Pendant la période de rejet pratiquement universel, les faits favorables à la dérive des continents, c’est-à-dire l’étude des couches géologiques observables sur les cinq continents, étaient en tous points semblables à celles que nous connaissons aujourd’hui. On repoussait la théorie parce que personne n’avait pu imaginer un mécanisme physique permettant aux continents de se déplacer sur un fond solide des océans. En l’absence de mécanisme plausible, la théorie était considérée comme absurde. Il était toujours possible d’expliquer autrement les éléments qui lui semblaient favorables. Si ces explications paraissaient partielles ou forcées, elles restaient moins improbables que la dérive des continents.

Au cours de ces dix dernières années, on a découvert des faits nouveaux, qui concernent cette fois le fond des océans. Grâce à ces éléments, une bonne dose d’imagination créatrice et une meilleure compréhension de l’intérieur de la Terre, on a échafaudé une nouvelle théorie de la dynamique planétaire.

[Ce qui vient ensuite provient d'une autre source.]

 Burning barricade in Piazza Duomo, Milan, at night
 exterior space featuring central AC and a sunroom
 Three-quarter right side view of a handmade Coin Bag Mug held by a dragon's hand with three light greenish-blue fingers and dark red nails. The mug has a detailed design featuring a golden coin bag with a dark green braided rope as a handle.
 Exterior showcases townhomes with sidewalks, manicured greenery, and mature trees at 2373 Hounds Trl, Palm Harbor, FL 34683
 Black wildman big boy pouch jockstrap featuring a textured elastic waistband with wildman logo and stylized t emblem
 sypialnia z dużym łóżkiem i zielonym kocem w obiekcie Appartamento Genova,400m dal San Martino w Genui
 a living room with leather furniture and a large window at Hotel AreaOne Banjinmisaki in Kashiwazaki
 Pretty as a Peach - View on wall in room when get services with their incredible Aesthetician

Dans le cadre de la théorie des plaques tectoniques, on ne peut échapper à la dérive des continents. Les vieilles observations sur les couches géologiques continentales, qui étaient autrefois unanimement rejetées, ont été remises à l’honneur et ont servi à prouver définitivement l’existence de la dérive. En bref, nous acceptons maintenant la dérive des continents parce qu’elle fait partie de la nouvelle orthodoxie.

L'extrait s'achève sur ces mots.